Copy out only those lines running from the line with "Hell Bunny Skirts|Skirts>Sianna Skirt Teal" to the end of the listing, keeping each one exactly as it is.
Dataset below:
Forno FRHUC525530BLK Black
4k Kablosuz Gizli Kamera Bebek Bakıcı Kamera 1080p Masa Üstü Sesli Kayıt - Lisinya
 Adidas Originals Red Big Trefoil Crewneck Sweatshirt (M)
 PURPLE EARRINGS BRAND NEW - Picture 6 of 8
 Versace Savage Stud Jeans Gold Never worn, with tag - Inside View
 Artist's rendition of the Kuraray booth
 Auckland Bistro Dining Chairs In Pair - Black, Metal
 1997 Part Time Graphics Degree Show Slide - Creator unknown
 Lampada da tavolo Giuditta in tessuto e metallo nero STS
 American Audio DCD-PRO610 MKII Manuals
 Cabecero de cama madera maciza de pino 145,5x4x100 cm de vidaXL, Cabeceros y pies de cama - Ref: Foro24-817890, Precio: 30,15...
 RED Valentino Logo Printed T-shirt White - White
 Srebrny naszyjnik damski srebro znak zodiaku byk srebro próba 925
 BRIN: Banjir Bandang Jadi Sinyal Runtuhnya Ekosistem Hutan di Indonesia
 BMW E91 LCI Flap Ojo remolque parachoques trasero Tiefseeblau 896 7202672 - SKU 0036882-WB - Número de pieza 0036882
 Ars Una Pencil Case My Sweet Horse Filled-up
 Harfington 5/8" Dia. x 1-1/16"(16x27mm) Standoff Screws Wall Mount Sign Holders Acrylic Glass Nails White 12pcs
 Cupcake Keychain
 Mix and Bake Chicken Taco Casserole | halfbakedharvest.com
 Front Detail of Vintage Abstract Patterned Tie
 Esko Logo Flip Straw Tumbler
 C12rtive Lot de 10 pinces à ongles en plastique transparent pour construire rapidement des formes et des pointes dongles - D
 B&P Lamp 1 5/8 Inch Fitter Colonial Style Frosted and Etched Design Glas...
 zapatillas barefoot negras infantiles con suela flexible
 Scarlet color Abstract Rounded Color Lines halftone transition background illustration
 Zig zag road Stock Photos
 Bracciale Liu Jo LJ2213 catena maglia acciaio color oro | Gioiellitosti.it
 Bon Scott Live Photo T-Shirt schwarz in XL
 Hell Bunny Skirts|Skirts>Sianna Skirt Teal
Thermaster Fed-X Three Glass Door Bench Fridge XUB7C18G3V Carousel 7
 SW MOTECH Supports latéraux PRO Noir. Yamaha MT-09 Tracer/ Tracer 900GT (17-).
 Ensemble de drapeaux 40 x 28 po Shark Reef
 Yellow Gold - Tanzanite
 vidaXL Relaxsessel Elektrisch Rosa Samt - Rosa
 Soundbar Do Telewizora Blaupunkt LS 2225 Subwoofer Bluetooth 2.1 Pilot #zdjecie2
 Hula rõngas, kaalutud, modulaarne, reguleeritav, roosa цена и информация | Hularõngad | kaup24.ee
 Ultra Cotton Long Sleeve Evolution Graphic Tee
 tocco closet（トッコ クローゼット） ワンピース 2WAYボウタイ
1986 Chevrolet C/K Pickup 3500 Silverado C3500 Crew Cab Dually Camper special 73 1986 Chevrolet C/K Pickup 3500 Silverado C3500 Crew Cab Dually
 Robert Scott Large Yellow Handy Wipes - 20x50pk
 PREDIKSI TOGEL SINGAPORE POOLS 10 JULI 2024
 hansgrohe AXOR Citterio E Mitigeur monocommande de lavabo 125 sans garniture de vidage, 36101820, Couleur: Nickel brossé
End of Dataset.
▶ _The answer_:
 Hell Bunny Skirts|Skirts>Sianna Skirt Teal
Thermaster Fed-X Three Glass Door Bench Fridge XUB7C18G3V Carousel 7
 SW MOTECH Supports latéraux PRO Noir. Yamaha MT-09 Tracer/ Tracer 900GT (17-).
 Ensemble de drapeaux 40 x 28 po Shark Reef
 Yellow Gold - Tanzanite
 vidaXL Relaxsessel Elektrisch Rosa Samt - Rosa
 Soundbar Do Telewizora Blaupunkt LS 2225 Subwoofer Bluetooth 2.1 Pilot #zdjecie2
 Hula rõngas, kaalutud, modulaarne, reguleeritav, roosa цена и информация | Hularõngad | kaup24.ee
 Ultra Cotton Long Sleeve Evolution Graphic Tee
 tocco closet（トッコ クローゼット） ワンピース 2WAYボウタイ
1986 Chevrolet C/K Pickup 3500 Silverado C3500 Crew Cab Dually Camper special 73 1986 Chevrolet C/K Pickup 3500 Silverado C3500 Crew Cab Dually
 Robert Scott Large Yellow Handy Wipes - 20x50pk
 PREDIKSI TOGEL SINGAPORE POOLS 10 JULI 2024
 hansgrohe AXOR Citterio E Mitigeur monocommande de lavabo 125 sans garniture de vidage, 36101820, Couleur: Nickel brossé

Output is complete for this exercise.